THE NORTH CAROLINA MIDDLE SCHOOL JOURNAL

Table of Contents

One - Navigating a web-based eMonograph: Designing more effective Internet reading, Robert S. Houghton

 

Two – Literacies and Composition: The Challenge and Opportunity of the 21st Century Digital Palette Robert S. Houghton

 

Three – Deeper Text Learning: Using Traditional Reading Strategies in the Digital Age Robert S. Houghton & David Strahan

 

Four – The Breakaway Literacies Difference: Enabling our students' deeper digital learning Robert S. Houghton with David Strahan

 

Five - Epilogue Robert S. Houghton & David Strahan

 

Bibliography

Editor’s note: Why an eMonograph and how to conduct digital peer review?


mailbox scene-woman stuffing letter in mailbox with broken computer at her feet

 

collage-young teens using cell phones and laptops

Learning Literacy in the Digital Age:
Challenges and Opportunities
in the Middle Grades

Those of us who spend time in middle grades settings understand that literacy is changing.

Young adolescents are well-versed with cell phones, video games, social networks, web surfs, and many more forms of communication. Some move naturally between their out-of-school worlds of communication and their in-school studies. Some struggle to participate in either. As teachers, our question is no longer “whether” to incorporate digital literacies but how to do so. More basically, we wonder how to nurture deep thinking and creativity in this 21st century context.

These are the issues that have prompted this eMonograph. In a series of chapters, we invite you to consider some practical questions that classroom teachers are increasingly beginning to explore:

How is literacy changing and what do those changes mean for reading, writing, and reasoning?

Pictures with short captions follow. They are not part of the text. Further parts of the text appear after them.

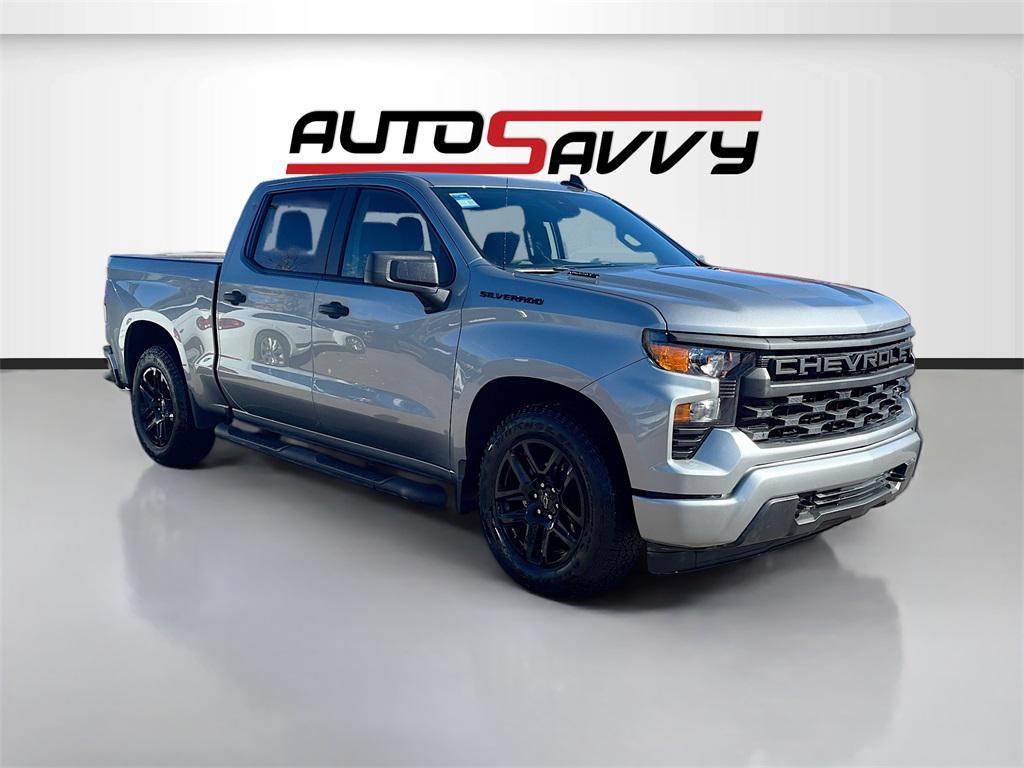used 2025 Chevrolet Silverado 1500 car, priced at $36,500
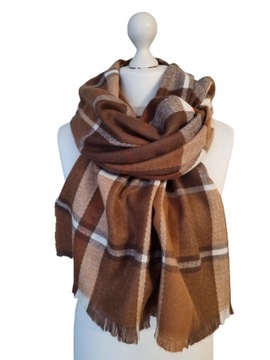 SZAL SZALIK DAMSKI CHUSTA DAMSKA ZARKA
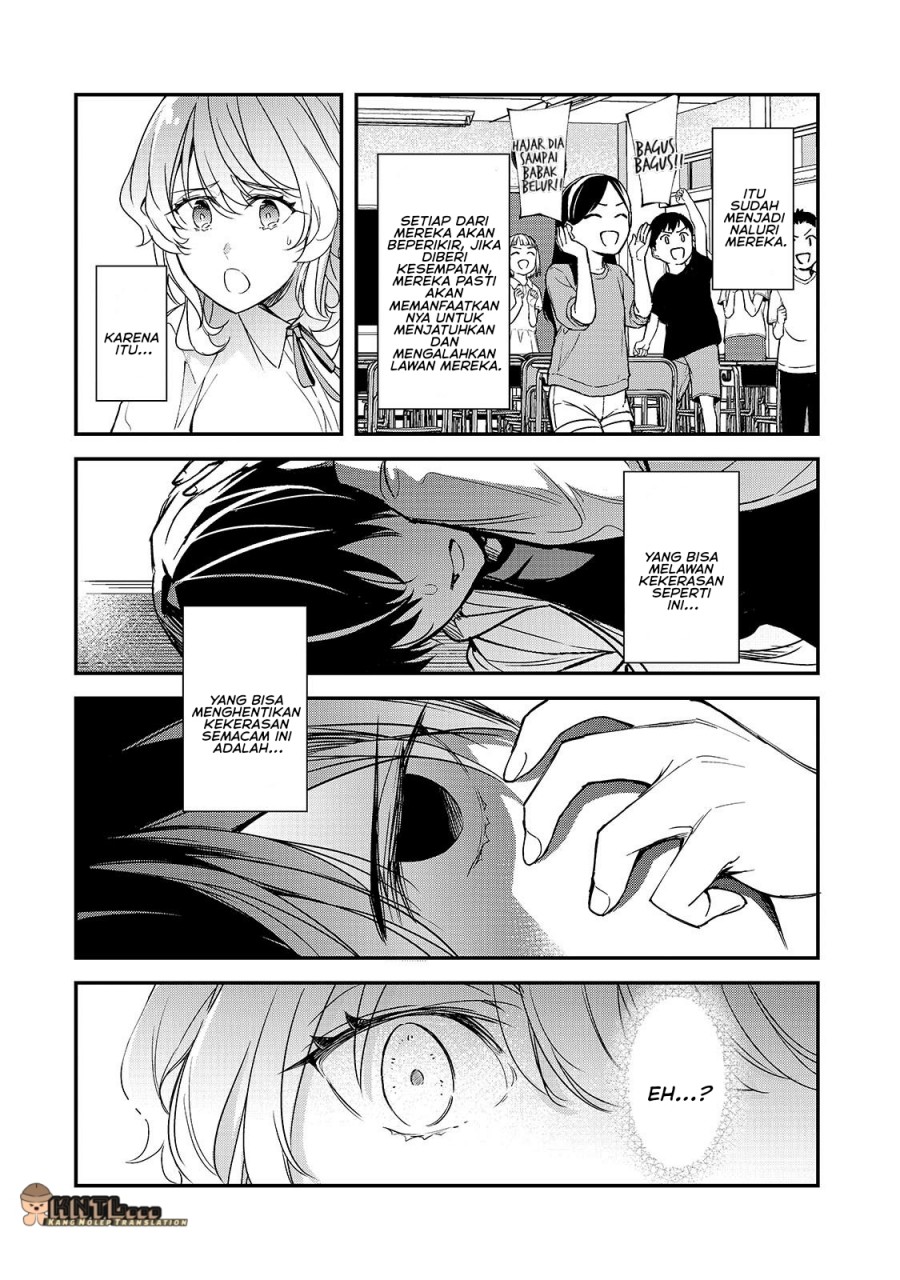 Ore ni Trauma wo Ataeta Joshi-tachi ga Chirachira Mitekuru kedo, Zannen desu ga Teokure desu Chapter 26 Gambar 3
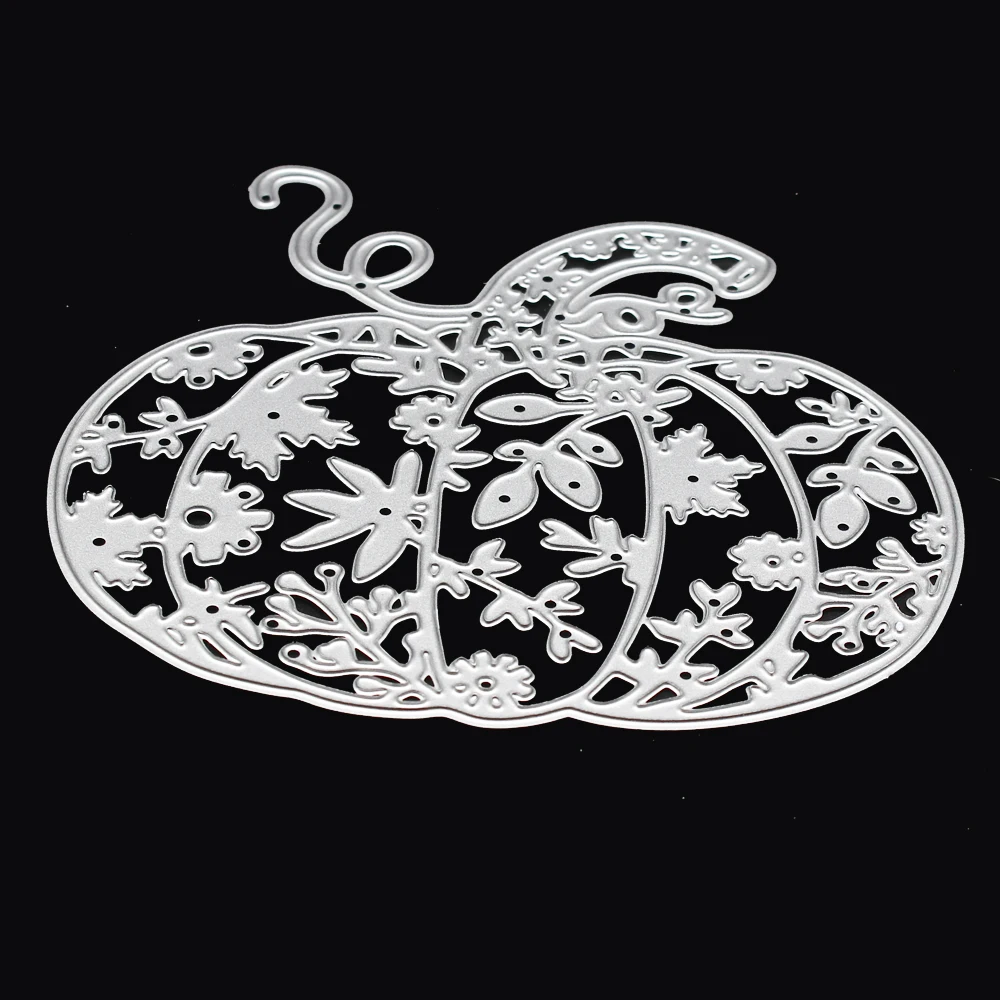 Металлические пресс-формы в виде тыквы на Хэллоуин для рукоделия скрапбукинга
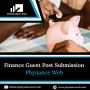 Finance Guest Post Submission - Phynance-Web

What strategies can we teach to encourage deeper learning in multiple forms of literacy?

How can we tap and grow our students’ talents with digital literacies to encourage deeper learning?

In this venture, we use some forms of Web-based literacy to explore these issues. In a first for this journal, the editors have created an “eMonograph”, an online effort to increasingly unpack some of the capacity and potential of Web-based communications. Each chapter is its own journey, sufficient exercise for one sitting. Readers may find that taking breaks between articles is more rewarding. We encourage our readers to connect “media” and “messages,” to develop their skills with Internet tools to learn more about digital possibilities.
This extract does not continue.